*Exercise instructions*.
Taking only the lines of the data below from the line with "decorUhome Easter Cream" to the line with "七年级上册unit2知识点归纳总结", ends included, write them out exactly and without pictures.

[[ Material provided open ]]

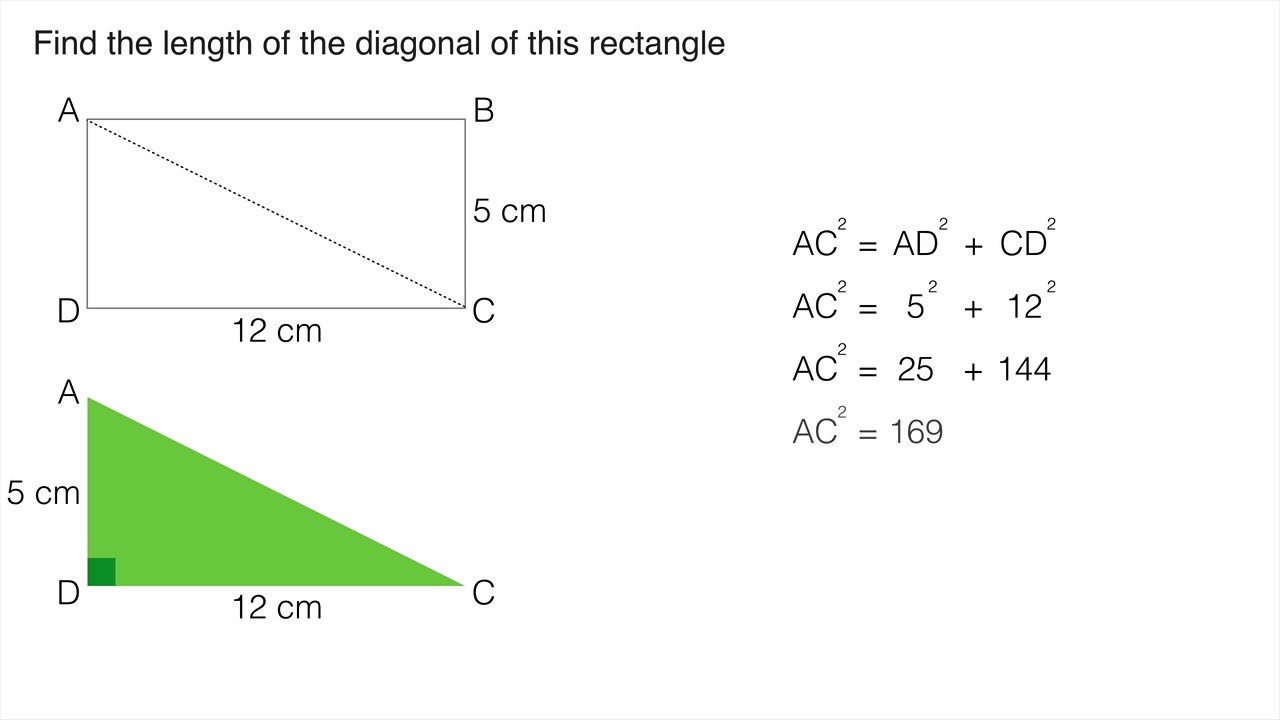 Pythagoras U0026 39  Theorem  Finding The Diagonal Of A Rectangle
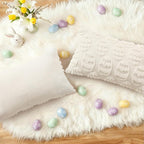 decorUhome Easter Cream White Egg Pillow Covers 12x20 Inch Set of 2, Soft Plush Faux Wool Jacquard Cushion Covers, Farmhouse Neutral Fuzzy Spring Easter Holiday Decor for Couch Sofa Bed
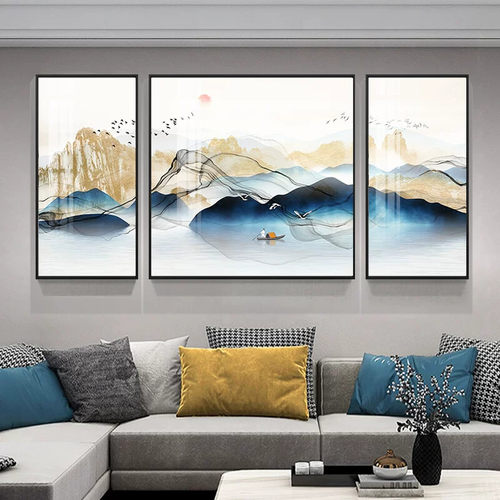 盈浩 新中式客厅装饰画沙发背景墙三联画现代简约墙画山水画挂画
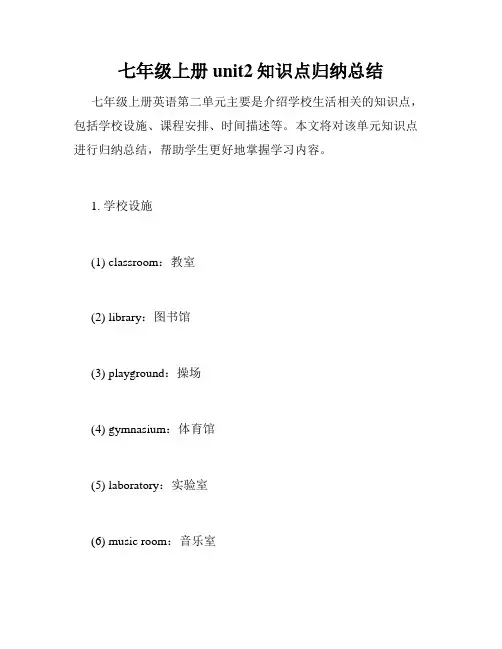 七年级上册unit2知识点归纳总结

[[ Material provided closed ]]
[[ Material provided open ]]

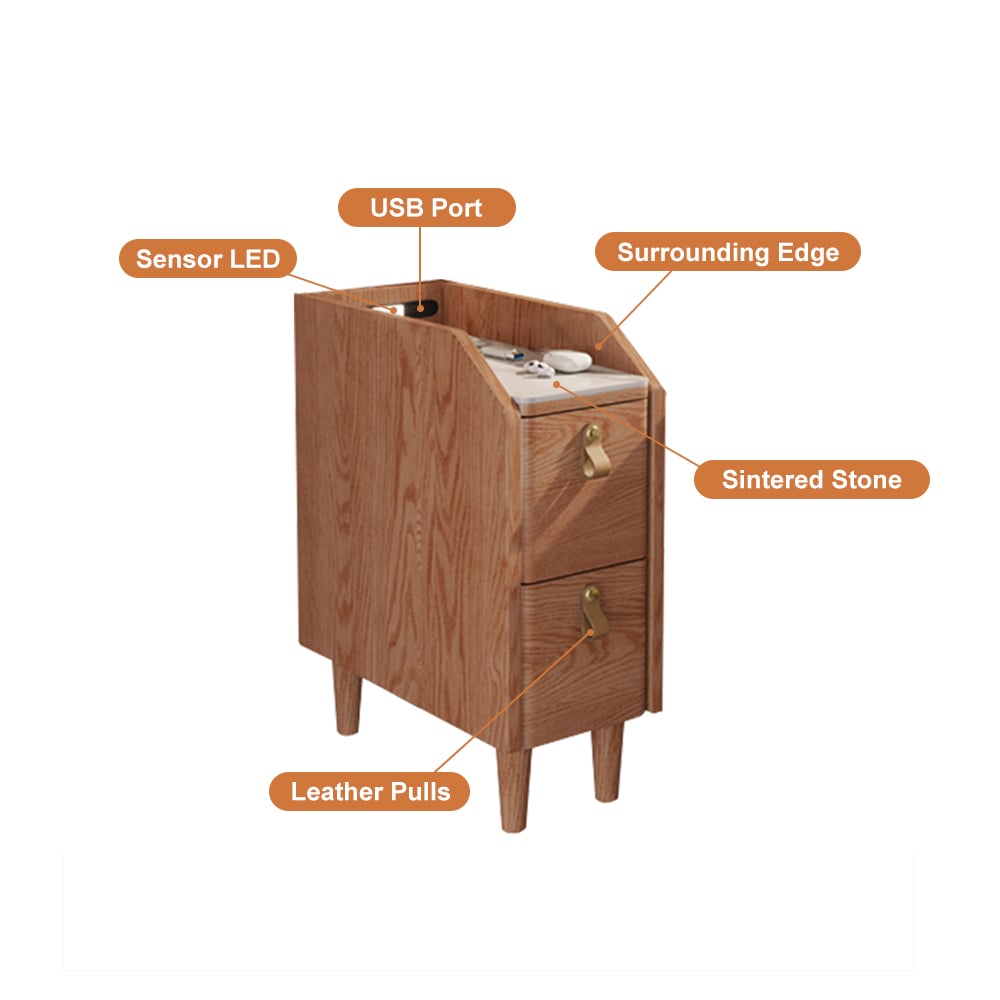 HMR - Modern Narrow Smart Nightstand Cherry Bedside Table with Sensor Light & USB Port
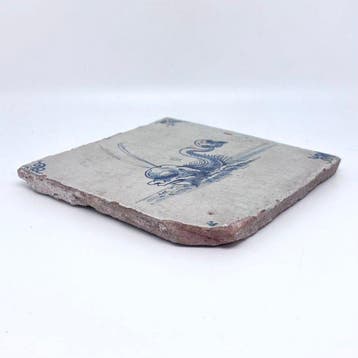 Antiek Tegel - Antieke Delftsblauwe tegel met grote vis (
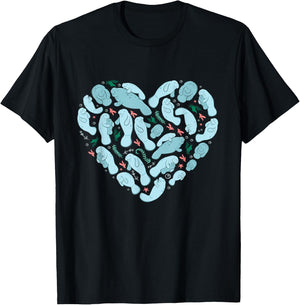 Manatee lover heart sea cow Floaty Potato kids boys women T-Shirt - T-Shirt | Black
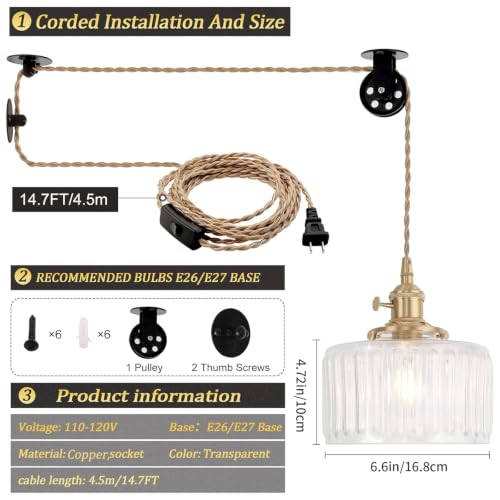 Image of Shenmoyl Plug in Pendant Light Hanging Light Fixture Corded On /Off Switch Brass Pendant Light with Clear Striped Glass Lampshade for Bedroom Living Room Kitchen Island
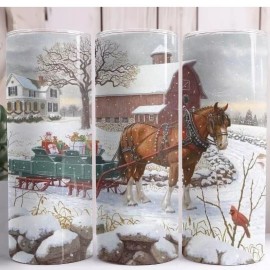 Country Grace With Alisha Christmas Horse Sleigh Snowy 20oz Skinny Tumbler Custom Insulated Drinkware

[[ Material provided closed ]]
[[ Material provided open ]]

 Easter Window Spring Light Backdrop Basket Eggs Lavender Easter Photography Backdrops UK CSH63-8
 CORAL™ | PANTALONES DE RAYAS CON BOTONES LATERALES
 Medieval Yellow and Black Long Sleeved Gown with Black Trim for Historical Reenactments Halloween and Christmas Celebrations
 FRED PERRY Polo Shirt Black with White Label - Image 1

[[ Material provided closed ]]

*Worked solution*.
 decorUhome Easter Cream White Egg Pillow Covers 12x20 Inch Set of 2, Soft Plush Faux Wool Jacquard Cushion Covers, Farmhouse Neutral Fuzzy Spring Easter Holiday Decor for Couch Sofa Bed
 盈浩 新中式客厅装饰画沙发背景墙三联画现代简约墙画山水画挂画
 七年级上册unit2知识点归纳总结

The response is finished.